*Problem details*.
With any pictures left out, restate word for word the lines in the listing below from the one holding "Sterling Silver Heart" through the last.

[Data provided Boundary: Start]

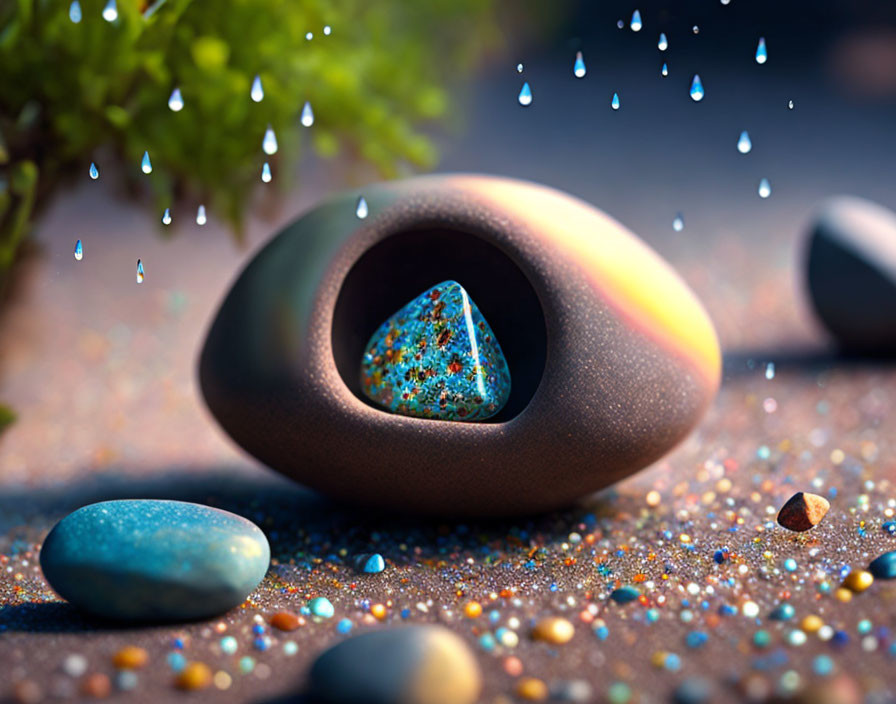 Blue crystal center in glossy stone-like sculpture under tiny tree with falling raindrops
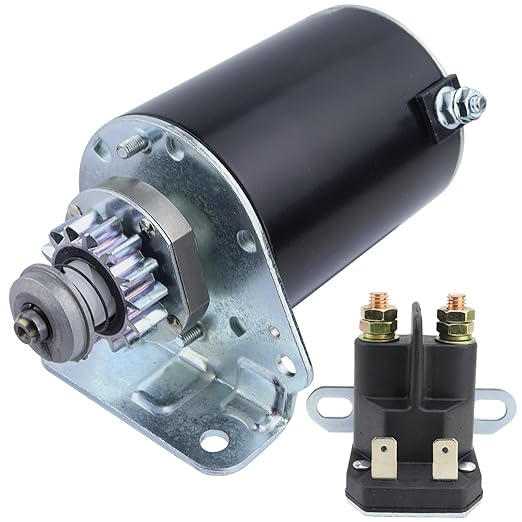 Starter 14 Teeth with Relay Compatible with Craftsman LT1000 LT2000 DYT4000 LT3000 YT3000 42 inch Riding Mower for BS Engine 17-20HP 593934 693551picture1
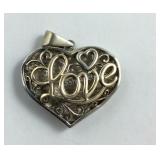 Sterling Silver Heart Pendant With Love Spelled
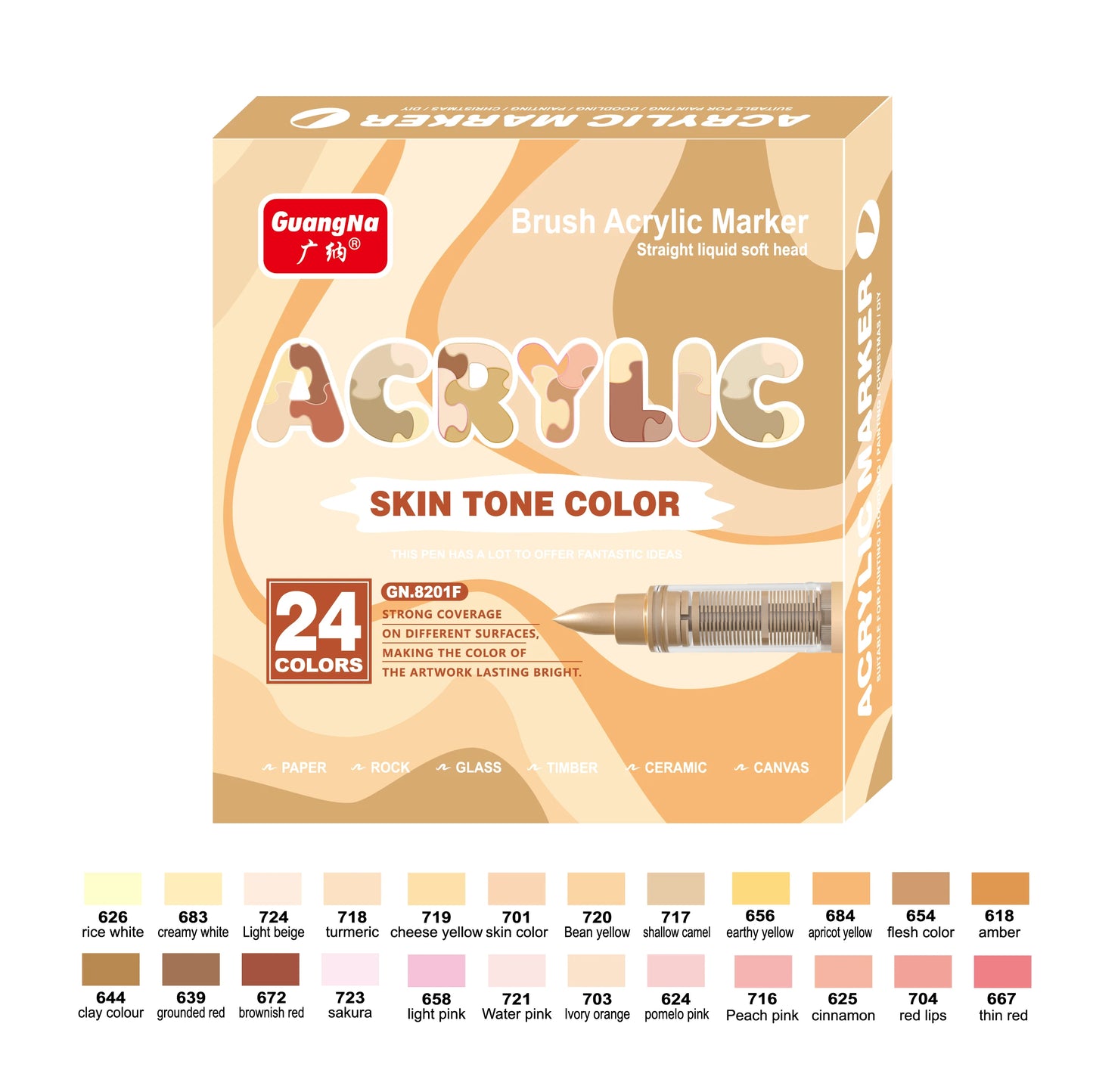 24 Colours Skin Tone Acrylic Paint Pens, Brush Tip Paint Markers for Wood,Glass,Fabric,Rocks Painting Paint Pens Artists Drawing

[Data provided Boundary: End]

*Answer space*.
 Sterling Silver Heart Pendant With Love Spelled
 24 Colours Skin Tone Acrylic Paint Pens, Brush Tip Paint Markers for Wood,Glass,Fabric,Rocks Painting Paint Pens Artists Drawing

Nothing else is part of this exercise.